## [Aim of the task]
Only the lines from the one with "new 2025 Jeep" through the last belong in the output; print them exactly as given below.

[Stored dataset items]
——
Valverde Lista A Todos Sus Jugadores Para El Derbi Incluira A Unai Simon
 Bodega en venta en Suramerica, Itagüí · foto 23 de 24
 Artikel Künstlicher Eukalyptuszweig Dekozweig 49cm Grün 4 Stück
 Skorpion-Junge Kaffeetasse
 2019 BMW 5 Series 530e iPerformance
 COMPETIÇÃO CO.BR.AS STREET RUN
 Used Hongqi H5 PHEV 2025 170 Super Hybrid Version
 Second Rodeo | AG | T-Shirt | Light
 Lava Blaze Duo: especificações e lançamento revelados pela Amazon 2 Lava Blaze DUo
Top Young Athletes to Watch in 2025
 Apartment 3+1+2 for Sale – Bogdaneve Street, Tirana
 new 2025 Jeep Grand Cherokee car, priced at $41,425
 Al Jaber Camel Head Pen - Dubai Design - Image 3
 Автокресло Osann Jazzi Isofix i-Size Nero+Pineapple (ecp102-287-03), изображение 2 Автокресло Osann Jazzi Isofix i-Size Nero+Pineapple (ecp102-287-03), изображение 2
——
## [Problem solution]
 new 2025 Jeep Grand Cherokee car, priced at $41,425
 Al Jaber Camel Head Pen - Dubai Design - Image 3
 Автокресло Osann Jazzi Isofix i-Size Nero+Pineapple (ecp102-287-03), изображение 2 Автокресло Osann Jazzi Isofix i-Size Nero+Pineapple (ecp102-287-03), изображение 2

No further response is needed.